__PROBLEM DESCRIPTION__
Your job with the data below is to output exactly the lines from the one holding "Hi, my name's" down to the one holding "When charging is", both included, and no others.

*** DATA EXCERPTS ***

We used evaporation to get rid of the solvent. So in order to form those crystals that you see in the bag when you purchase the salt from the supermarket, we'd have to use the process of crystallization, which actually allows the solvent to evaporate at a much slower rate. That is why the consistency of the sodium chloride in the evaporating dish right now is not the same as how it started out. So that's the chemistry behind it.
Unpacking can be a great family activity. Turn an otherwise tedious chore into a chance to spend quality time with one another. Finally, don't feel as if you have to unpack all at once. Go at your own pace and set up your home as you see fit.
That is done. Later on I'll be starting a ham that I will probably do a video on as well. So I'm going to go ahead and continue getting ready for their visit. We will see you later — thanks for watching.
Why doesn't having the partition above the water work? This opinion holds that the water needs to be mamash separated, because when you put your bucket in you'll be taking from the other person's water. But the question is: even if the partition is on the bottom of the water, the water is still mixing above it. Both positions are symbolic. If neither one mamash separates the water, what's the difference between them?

***
*** DATA EXCERPTS ***

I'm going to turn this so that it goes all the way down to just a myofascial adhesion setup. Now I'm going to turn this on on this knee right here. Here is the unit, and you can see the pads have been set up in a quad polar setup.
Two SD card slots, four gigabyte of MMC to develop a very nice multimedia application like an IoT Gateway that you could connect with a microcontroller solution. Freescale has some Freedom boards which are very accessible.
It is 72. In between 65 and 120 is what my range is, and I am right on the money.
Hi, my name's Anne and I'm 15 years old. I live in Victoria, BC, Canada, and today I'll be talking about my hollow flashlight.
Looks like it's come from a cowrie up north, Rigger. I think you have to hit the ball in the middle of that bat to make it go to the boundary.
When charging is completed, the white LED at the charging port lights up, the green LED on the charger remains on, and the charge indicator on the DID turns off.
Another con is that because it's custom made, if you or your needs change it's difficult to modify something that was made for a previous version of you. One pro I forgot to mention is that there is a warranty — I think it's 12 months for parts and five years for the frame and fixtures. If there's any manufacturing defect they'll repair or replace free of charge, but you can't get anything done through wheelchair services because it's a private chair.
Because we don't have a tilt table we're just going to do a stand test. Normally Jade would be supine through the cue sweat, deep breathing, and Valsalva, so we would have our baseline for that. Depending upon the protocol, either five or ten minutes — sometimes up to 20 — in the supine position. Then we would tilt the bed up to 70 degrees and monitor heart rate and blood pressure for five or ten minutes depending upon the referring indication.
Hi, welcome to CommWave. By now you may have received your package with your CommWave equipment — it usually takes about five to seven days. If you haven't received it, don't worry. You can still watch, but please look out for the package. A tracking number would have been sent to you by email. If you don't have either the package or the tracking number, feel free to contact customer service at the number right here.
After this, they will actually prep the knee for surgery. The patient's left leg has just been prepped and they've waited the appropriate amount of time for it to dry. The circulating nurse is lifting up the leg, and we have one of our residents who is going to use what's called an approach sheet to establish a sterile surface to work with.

***

__SOLUTION FOR THIS PROBLEM__
Hi, my name's Anne and I'm 15 years old. I live in Victoria, BC, Canada, and today I'll be talking about my hollow flashlight.
Looks like it's come from a cowrie up north, Rigger. I think you have to hit the ball in the middle of that bat to make it go to the boundary.
When charging is completed, the white LED at the charging port lights up, the green LED on the charger remains on, and the charge indicator on the DID turns off.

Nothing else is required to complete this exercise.